Speaking of his induction, Dettori said: “Joining the QIPCO British Champions Series Hall of Fame gives me an immense feeling of pride and I’m honoured for my career to be recognised in this way, placing me alongside others who I have looked up to my whole life. Lester (Piggott) was my idol when I came over from Italy and I was lucky to ride against him on a few occasions, while Pat (Eddery) was the most gifted horseman I have ever seen.

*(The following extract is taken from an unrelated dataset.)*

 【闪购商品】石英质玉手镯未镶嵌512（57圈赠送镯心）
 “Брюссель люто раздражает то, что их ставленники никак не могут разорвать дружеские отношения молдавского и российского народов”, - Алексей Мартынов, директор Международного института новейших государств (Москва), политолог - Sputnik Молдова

“When I first started out, my ambition was to be a mid-division jockey. This spiralled out of control early on; I quickly became Champion Jockey, I got an awesome job with Luca (Cumani), and the dream came alive. When I first set out on this path, I didn’t quite believe in myself but, as things snowballed, I realised I could make it to become the jockey I am today.”
Dettori has been thrilling racing fans for 35 years and is a sporting superstar recognised by a global audience, known as much for his vibrancy out of the saddle as he is for his excellence in it. He has ridden almost 3,300 British winners (a number exceeded only by Lester Piggott and Willie Carson) and has also enjoyed vast success all around the world, winning major races in no fewer than 24 countries. His six victories in France’s most coveted race, the Prix de l’Arc de Triomphe, remains a record.
A day racing fans will never forget was when a young Dettori rode all seven winners on a card at Ascot on September 28th 1996. With cumulative odds of 25,051-1, the ‘Magnificent Seven’ earned one punter £500,000 and made the Italian a household name. Dettori said of the infamous day: “Winning every race on a card was something that I didn’t think was possible, not in my lifetime anyway. It’s the biggest achievement of my career, without question.” That racecard currently makes up part of the Hall of Fame display at the National Horseracing Museum.
No fewer than 270 of his victories have been in Group One/Grade One races, the highest level, and his 21 Classic victories in Britain have included two triumphs in The Derby aboard Authorized (2008) and Golden Horn (2015). He has enjoyed 76 winners at Royal Ascot, a tally only bettered by Piggott, and he has been top jockey at the prestigious meeting on eight occasions, including in 2019 and 2020.
Dancing Brave becomes sixth horse Hall of Famer
Dancing Brave carried almost all before him during his captivating career and his brilliance is recognised through his induction into the QIPCO British Champions Series Hall of Fame.
The bay colt dazzled in 1986 when his six victories included the 2000 Guineas, Eclipse, King George VI and Queen Elizabeth Stakes and an epic renewal of the Prix de l’Arc de Triomphe. He was also an unlucky loser in The Derby, although the manner of his defeat only added to his legend.
Following The Derby, Dancing Brave bounced back and went on to win four races that year, including the Arc at Longchamp. From an unfavourably wide draw and with Hall of Fame jockey Eddery on board, Dancing Brave defeated a remarkably tough field of 14 opponents, including the likes of Derby winner Shahrastani, Acatenango (German Derby winner) and Bering (French Derby winner). Despite having 11 rivals in front of him with just a furlong and a half left, Dancing Brave showed astonishing pace to surge to the front and win comfortably in a record time.
The only horse rated superior to him since the International Classifications were first published, in 1977, has been the mighty Frankel, who was also owned by Prince Khalid under his Juddmonte Farms banner and who became the first horse to be inducted into the QIPCO British Champions Series Hall of Fame last year.